また、眠気が出ることがあります。運転などには気をつけましょう。

痛みや腫れが出ることもある

注射をした部分が痛んだり、腫れや発赤、かたくなったりすることもあります。医師に症状を話し、適切な処置をお願いしましょう。

副作用の対策法

副作用への対策としては、卵巣過剰刺激症候群がおきやすいhCG製剤を、GnRHアゴニストに置き換える方法も。また、長い期間下垂体ホルモンを抑制するロング法では薬の量が多いので、ロング法を避けることも対策の一つです。

副作用以外のデメリット

hCG注射薬には、副作用以外にもデメリットがあります。それらの点についてもみてみましょう。

妊娠検査薬に反応する場合がある

妊娠検査薬は、hCGに反応して陽性が出るようになっています。注射後、血中濃度が6時間後には一番高くなり、1日半ほどすると血中からなくなっていきます。hCG注射の、hCGホルモンの量が多いほど体内に残るホルモンも多いため、妊娠検査薬に反応する期間も長くなります。

基礎体温が上がり生理が遅れる

hCGの構造はLH(黄体形成ホルモン)の構造に似ていることから、hCG注射すると基礎体温があがり、hCGを投与すると高温期が長く続きやすく、生理が遅れやすいです。

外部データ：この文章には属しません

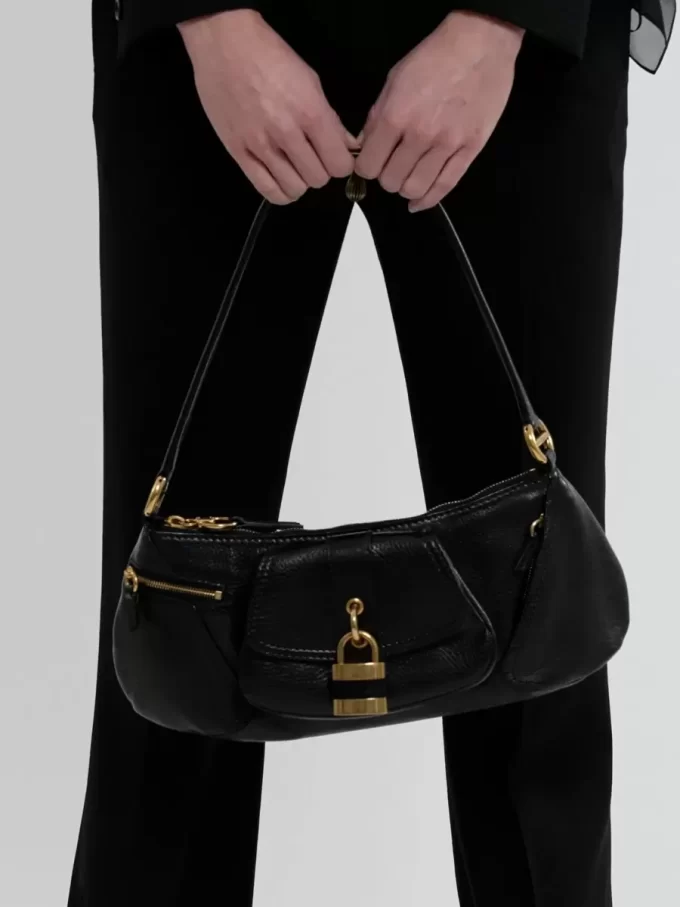 The 99 shoulder bag in grained leather The 99 shoulder bag in grained leather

また、高温期には子宮内膜が増殖しますが、着床しなければ子宮内膜がはがれて生理として排出されます。

副作用の卵巣過剰刺激症候群には注意しよう?

hCG注射は、高い確率で排卵を促してくれるので、不妊治療にも多く使われています。一方で副作用にも注意が必要です。卵胞過剰刺激症候群では、卵巣が腫れてお腹が膨れたり、呼吸困難に陥ります。重度になると、お腹や胸に水がたまり、命の危険にさらされることも。

副作用やデメリットに注意して、医師や夫婦で相談しながら治療をうけましょう。